SEBRING - When Highlands County deputies first arrived at the residence at 4315 Lakewood Road, they feared a human body was inside, as the odor coming from the home was so strong it could be smelled from the roadway, an arrest report said.
But, instead, they found animal feces in every room and 27 cats and 18 dogs that suffered from dehydration, malnutrition, fleas and in many cases, mange, the report said.
Michelle A. Brown, 59, 1029 Ward Circle, Oviedo, the occupant of the house at the time, was arrested and charged with 45 counts of felony animal neglect.
Brown told deputies she "got in over my head," in keeping so many animals and said she tried to give some or all to shelters, but they were full, the report said.
She also said she had difficulty talking care of the animals because she was out of work, but the report added that "she had a few shopping bags inside her vehicle with what appeared to be newly purchased items."
Deputies arrested her after discovering that the "animals were severely dehydrated, severely malnourished and were infested with fleas," the report said. "Some of the canines and felines appear to have mange throughout their body due to lack of care by Brown.
It was determined after removing the animals, three of the canines were found to be in grave condition and required immediate control by the Highlands County Animal Control.
"Due to the severe level of malnutrition, several of the canines were unable to even walk, and their skeletal structure was clearly visible," the report added.

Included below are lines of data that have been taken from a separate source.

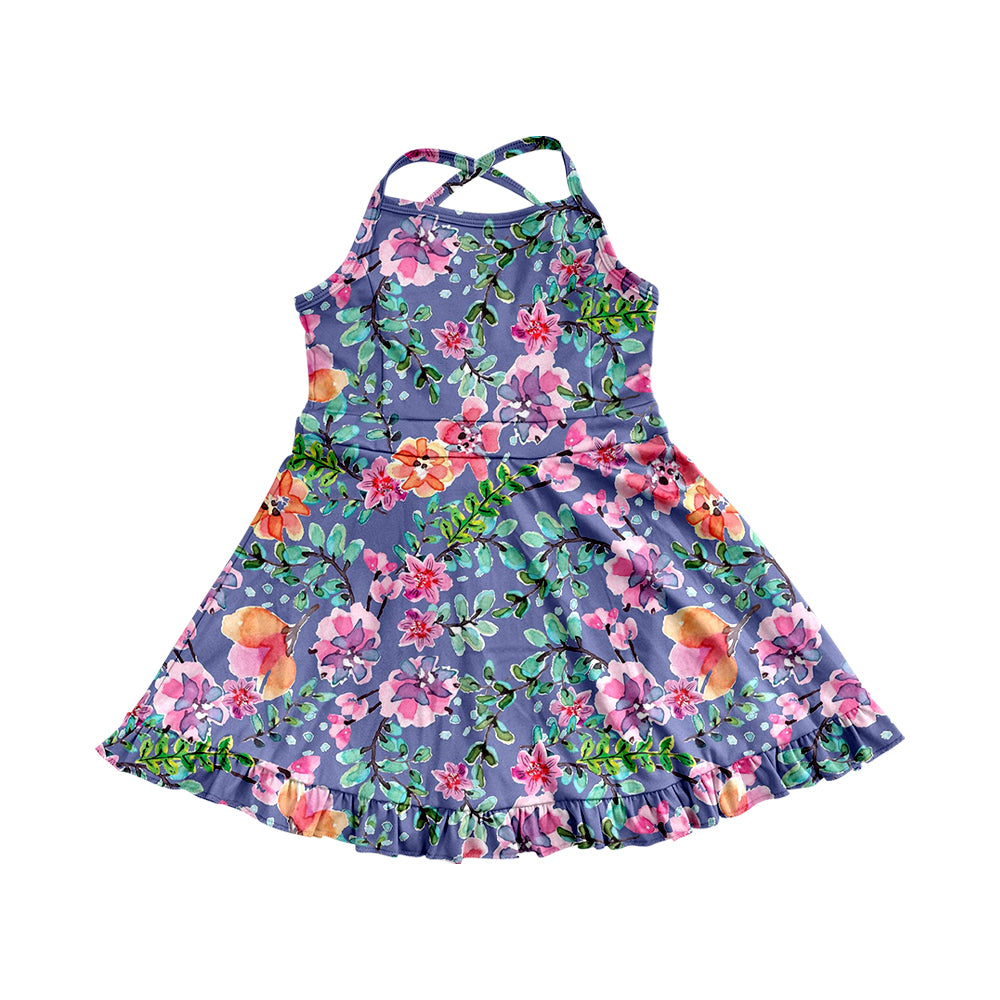 6.02   Pre order Kids Girls Pink Yellow Floral Ruffle Athletic Dresses Strap Style Floral Print Girls Dress Straps Pink Yellow Ruffle Kids Girls Dress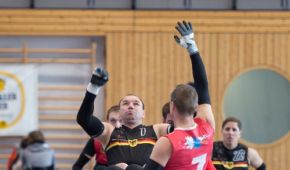 Spielszene aus dem Rollstuhlrugby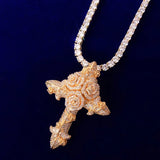 Cross Flower Pendant Bling Cubic Zircon Men's Hip Hop Jewelry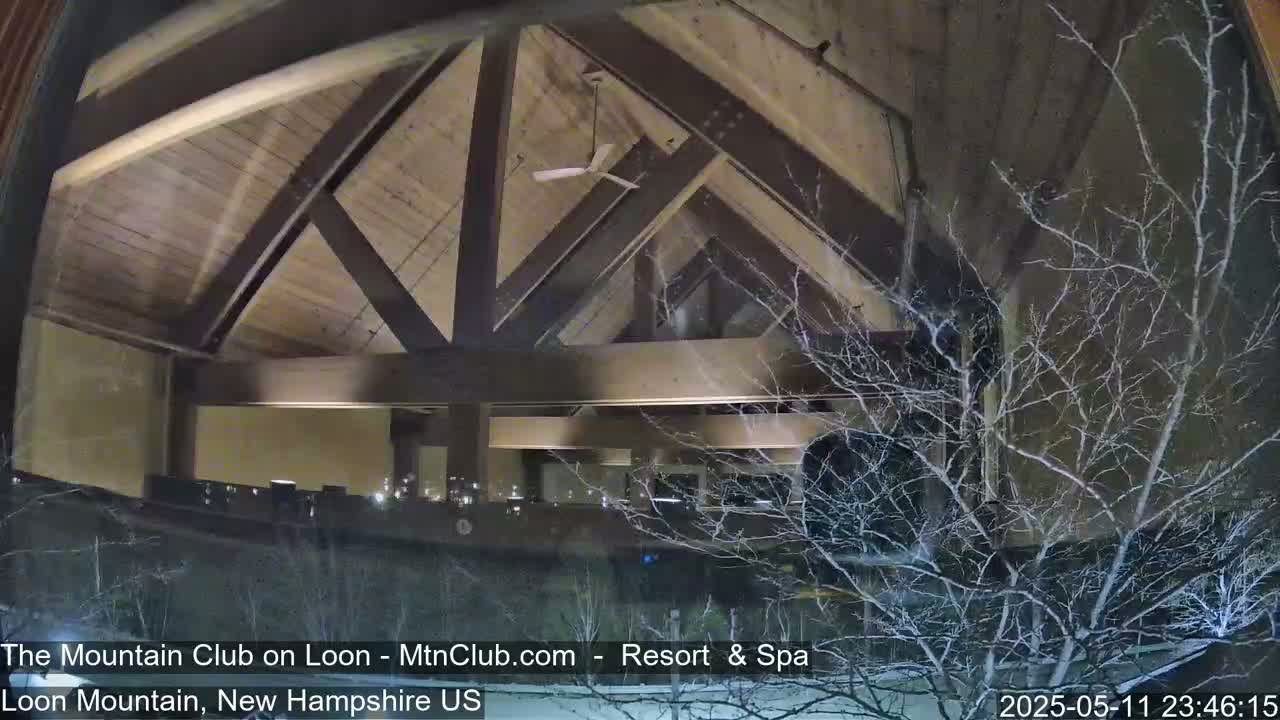 A nighttime view through a window shows a lodge's interior with a high, wood-beamed ceiling, a ceiling fan, and bare trees dusted with snow outside.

The entire residence, including the garage, had animal feces, the report said. "Due to the amount of fecal matter on the floor within the residence, it was almost impossible to tell what the surface of the floor was."
Some of the animals were locked in crates that weren't large enough for them to stand up or turn around, the report said.
Some of the animals' food and water bowls contained a large amount of animal feces that appeared to be several weeks old, the report said.
"It appeared some animals were consuming their own fecal matter in order to survive, as there was fecal matter on several of the animal's faces."
"The odor emitting from the animals themselves was so potent that law enforcement on scene had to wear masks and personnel protective equipment in order to complete their assigned tasks," the report added.